PDI has four catalytic cysteines (C), two in the N-terminal a domain (i.e., C53/C56) and two in the C-terminal a’ domain (i.e., C397/C400). It is believed that redox-dependent conformational changes in PDI are driven by disulfide bond formation in the a’ domain (16) and that the minimum redox-regulated cassette is located in the b’xa’ (27). According to this model, mutations of C to the redox-insensitive amino acid alanine (A) are predicted to stabilize PDI into the reduced state, and mutations of residues C397 and C400 to A should abrogate redox-dependent conformational changes in PDI. We generated AA/AA, CC/AA, and AA/CC in the 88/467 background to test these hypotheses. After verifying that the mutants have activity profiles consistent with what was previously reported in the literature for the WT background (29) (Fig. S13), smFRET measurements were collected in the absence and presence of DTT. PDA was used to quantify the species at equilibrium as described previously. Results of PDA are reported in Table 1. FRET efficiency plots comparing WT and mutants are shown in the main text (Fig. 4). FRET efficiency versus lifetime plots of the mutants are shown in Fig. S14.

Figure 4.

Structural nonequivalence of the PDI active site cysteines.A–C, normalized FRET efficiency histograms of (A) AA/AA (blue), (B) CC/AA (red), and (C) AA/CC (magenta) overlaid to WT (black) before (top panel) and after (bottom panel) the addition of 1 mM DTT. Note how AA/AA is similar to oxidized PDI WT and insensitive to DTT and how the mutations C53A and C56A led to a macroscopic accumulation of C, which, according to PDA analysis (Table 1), increased two times, from 9% to 18%. D and E, FRET efficiency histograms of CC/AA (D) and AA/CC (E) were collected at increasing concentrations of DTT (0–10 mM), covering 4 orders of magnitudes. F, FRET efficiency histograms of CA/CA before (top panel) and after (bottom panel) the addition of 1 mM DTT overlayed to FRET distributions of oxidized (yellow) and reduced (blue) WT. PDI, protein disulfide isomerase.

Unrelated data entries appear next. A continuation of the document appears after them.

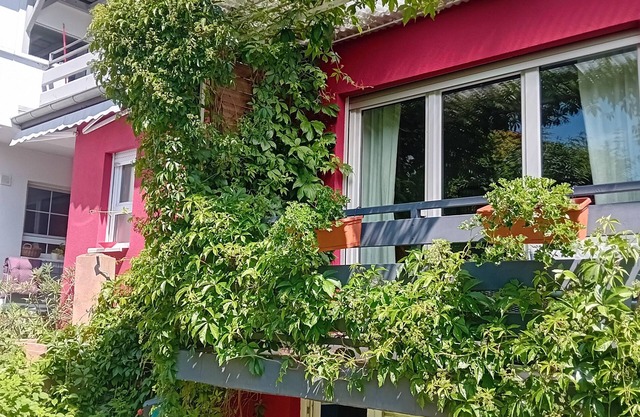 Vacation apartment near Heidelberg with large terrace for 2-4 people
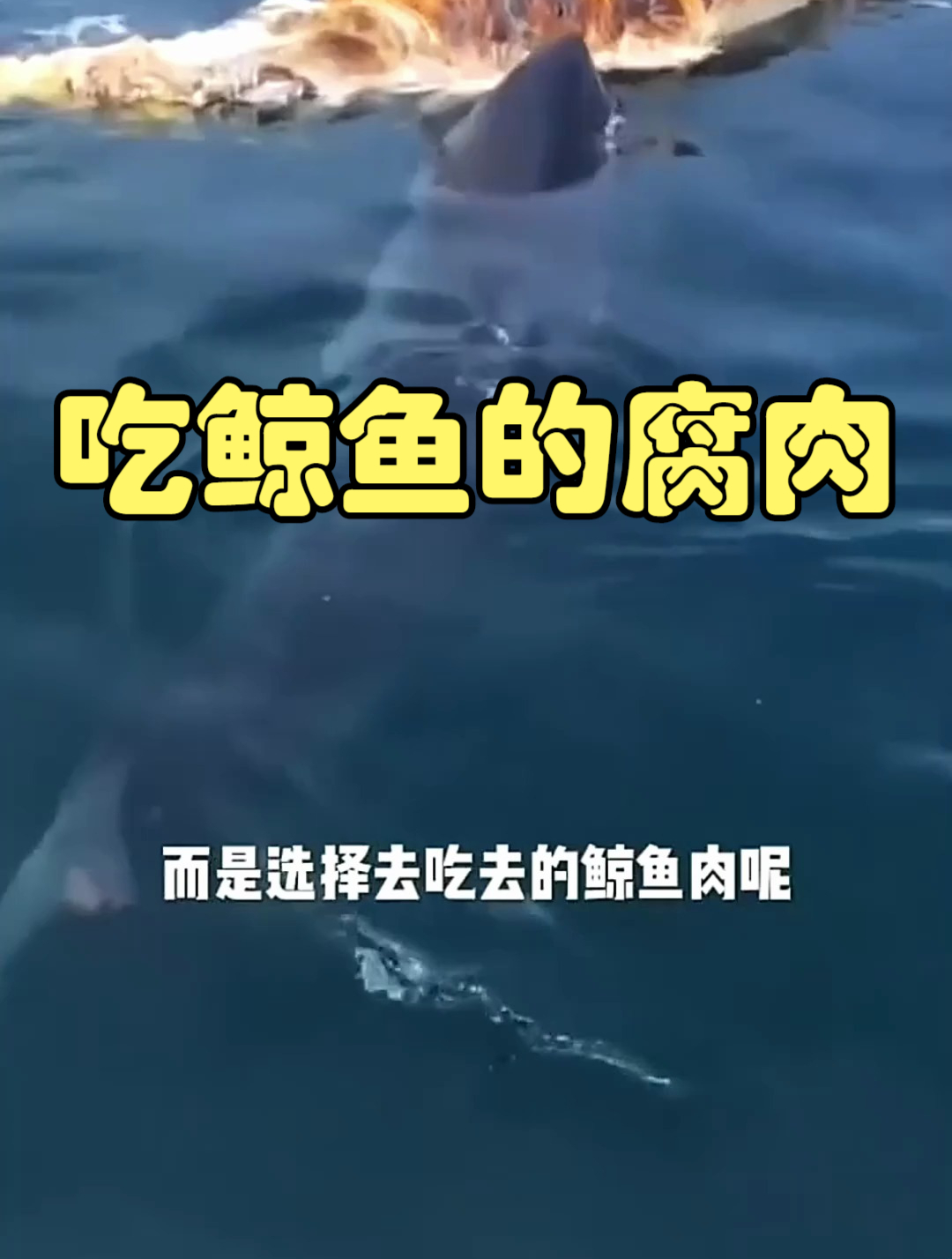 为什么鲨鱼不吃新鲜的食物,而喜欢吃鲸鱼的腐肉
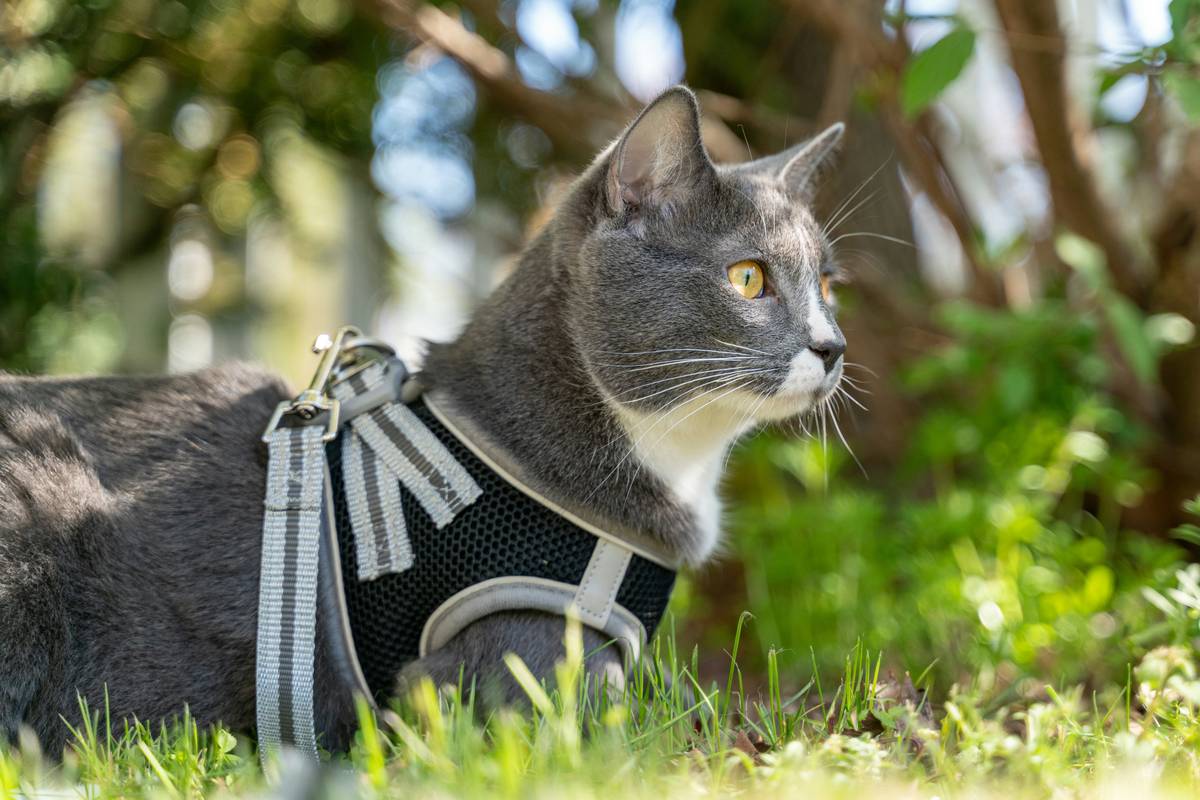 A chart showing benefits of using a cat health monitor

Evaluating oxidized constructs, we found that AA/AA, CC/AA, and AA/CC were similar to each other and similar to oxidized WT. As expected, AA/AA was insensitive to DTT (Fig. 4A). These data indicate that replacing C with A results in an enzyme that more closely resembles oxidized and not reduced PDI. Since AA/AA is insensitive to DTT, they also provide additional and independent evidence that FRET changes observed with CC/CC are due to structural reorganization of the catalytic domains and not spectroscopic artifacts induced by DTT.

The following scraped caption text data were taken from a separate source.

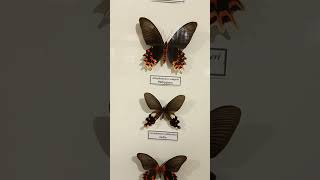 НауковоПриродничий Музей Метро Театральна Київ Collection in Museum Tropical Lepidoptera Kyiv [upl. by Carie326]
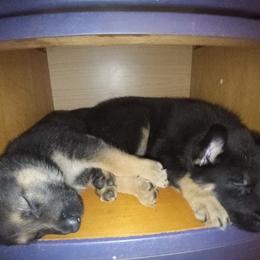 German Shepherd Puppies from Blue Moon German Shepherds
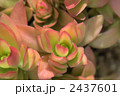 2437601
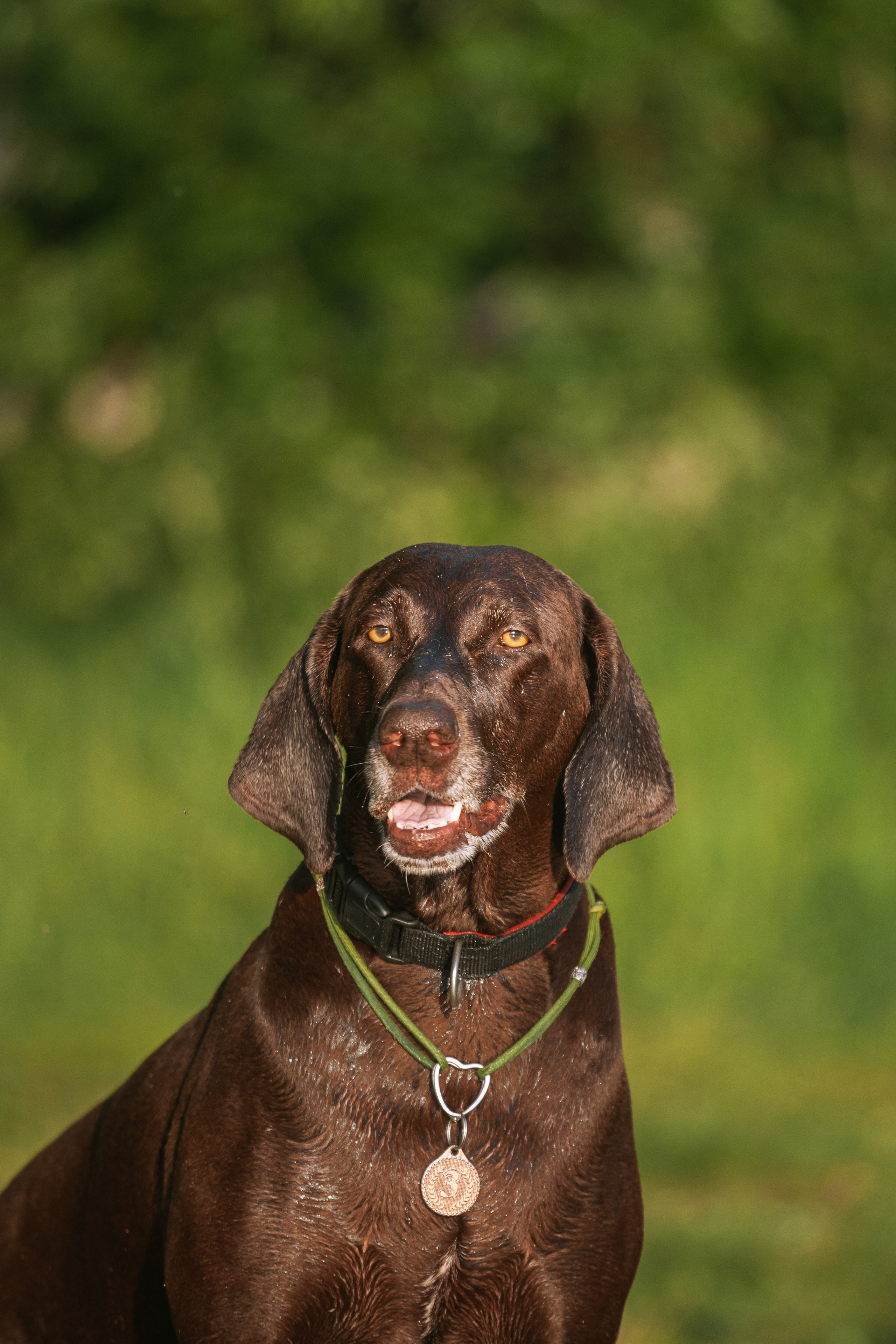 Рассветная съемка в ПКИО Северное Тушино. Фотограф-анималист Татьяна Степанова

Next, we found that, although similar in the oxidized form, CC/AA and AA/CC behaved quite differently in the presence of DTT. While CC/AA mirrored the behavior of WT (Fig. 4B), AA/CC responded incompletely to the addition of DTT, leading to a significant twofold accumulation of C (Fig. 4C). Since high concentrations of DTT did not rescue the defect, accumulation of C must be due to changes in protein dynamics caused by the mutations rather than reduced reactivity of the mutant toward DTT (Fig. 4, D and E). We conclude that, differently from what was expected, the presence of reduced cysteines, rather than disulfide bonds, induces redistribution of the ensemble of conformations and that of the two active sites, the one in the N-terminal serves an important role in regulating PDI dynamics.

Of the four cysteine residues, two (i.e., C53 and C397) attack the incoming substrate, whereas the other two (i.e., C56 and C400) resolve the enzyme–substrate complex. Since the resolving cysteines are protonated at pH 7.4 but the attacking cysteines are not (3), they may play different structural roles. To identify which set of cysteines is responsible for the stabilization of reduced PDI in the open ensembles, we generated the variants C56A/C400A (CA/CA) and C53A/C397A (AC/AC) in the 88/467 background. We expected one of the two variants to be identical to reduced WT in the presence of DTT. While CA/CA expressed at a yield sufficient for labeling, AC/AC, unfortunately, did not. Nonetheless, data with CA/CA were extremely informative. Based on previous studies (17), we expected to measure high FRET for oxidized CA/CA due to the formation of a disulfide bond between C53 and C397 and lower FRET in the presence of DTT due to cleavage of the disulfide bond. Consistent with these predictions, we found that after purification, CA/CA mostly populates C (∼80%) and that the addition of DTT resulted in lower FRET (Fig. 4F). Reduced CA/CA was, however, similar to oxidized, not reduced WT, thus suggesting that the resolving cysteines are crucial for enabling reduced PDI to reside in open ensembles.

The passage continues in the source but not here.